这位巴基斯坦博士,是巴国一所大学的助理教授,2019年秋已经获准进站。但是,他希望带太太和(三个)孩子进入中国,办来办去,疫情起来了,边境严控。两年过去,他居然初心不改,今年秋天终于可以进站了。如果按原来的节奏,已经到了出站时间。天有不测风云。
二,几何动量两个得意的新引用
一个来自大师Jacobson, Theodore,Distinguished Univ Professor,University of Maryland, College Park,五月份的如下文章
Particle on the sphere: group-theoretic quantization in the presence of a magnetic monopole
引用了多篇几何动量的文章。
一个来自教学领域的顶级刊物American Journal of Physics 上四月份的论文
Two-body bound states through Yukawa forces and perspectives on hydrogen and deuterium
引用的是:Q. H. Liu and S. F. Xiao, “A self-adjoint decomposition of the radial momentum operator,” Int. J. Geometric Methods Mod. Phys. 12, 1550028 (2015). 这篇论文给狄拉克关于径向动量可观测性这一极具争议性问题一点意见。不过,我们的小文章应该具有定海神针的意义。真怕明珠暗投!
三,几何动量最新论文的两轮审稿共六份审稿意见
接收函及六份审稿意见。
Date: Jul 18, 2021
To: "Q. H. LIU"
From: "Annals of Physics" aop@elsevier.com
Subject: AOP 76709R1 accepted
Ms. AOP 76709R1
Title: The curvature-induced gauge potential and the geometric momentum for a particle on a hypersphere
Corresponding Author: Professor Q. H. LIU
Annals of Physics
Dear Dr.
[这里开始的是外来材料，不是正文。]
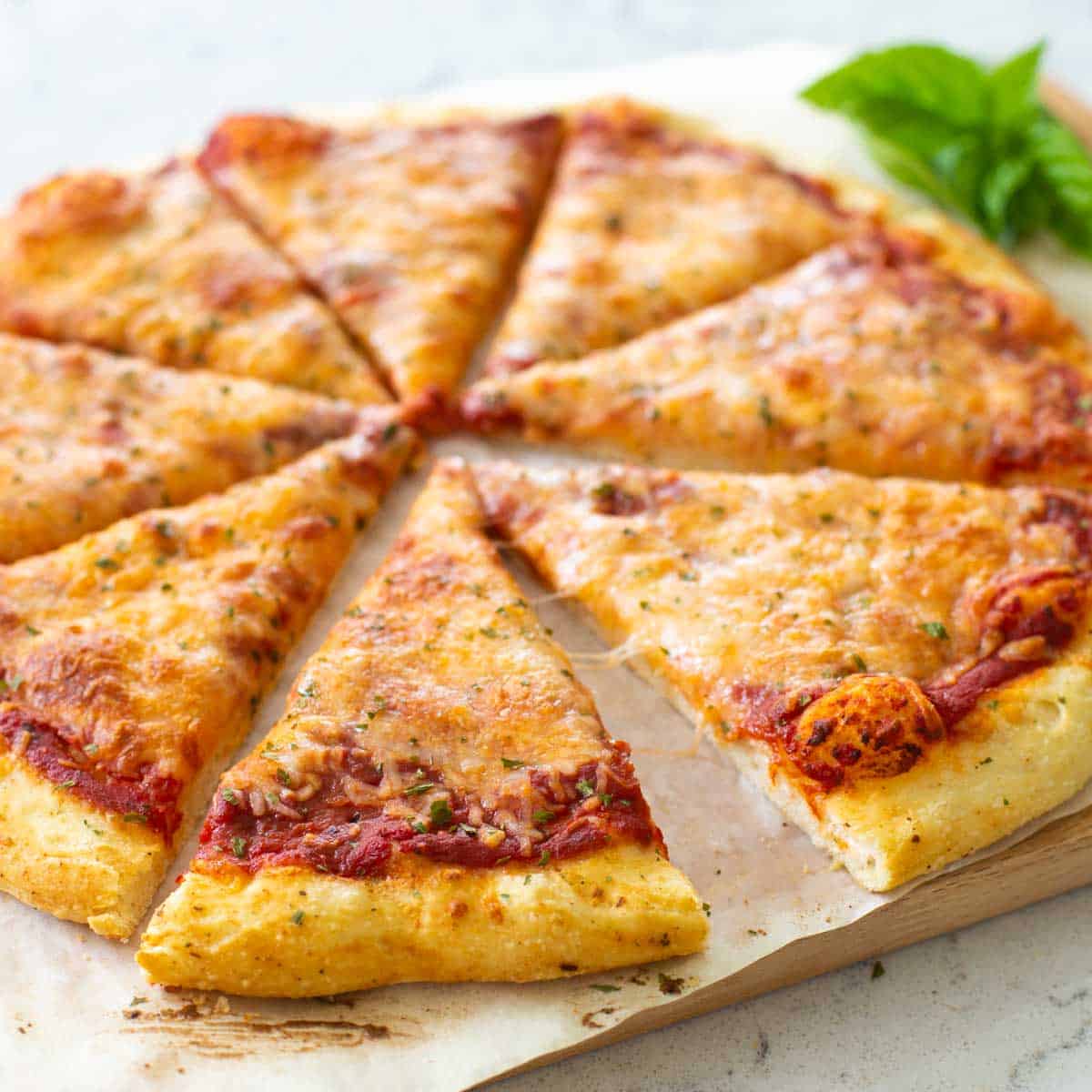 A homemade cheese pizza is sliced and ready to serve.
LIU:
I am pleased to accept your manuscript, referenced above, for publication.
Please note that your paper will now be sent to the production office for further processing. If you have any questions during this next stage, please contact me at (aop@elsevier.com).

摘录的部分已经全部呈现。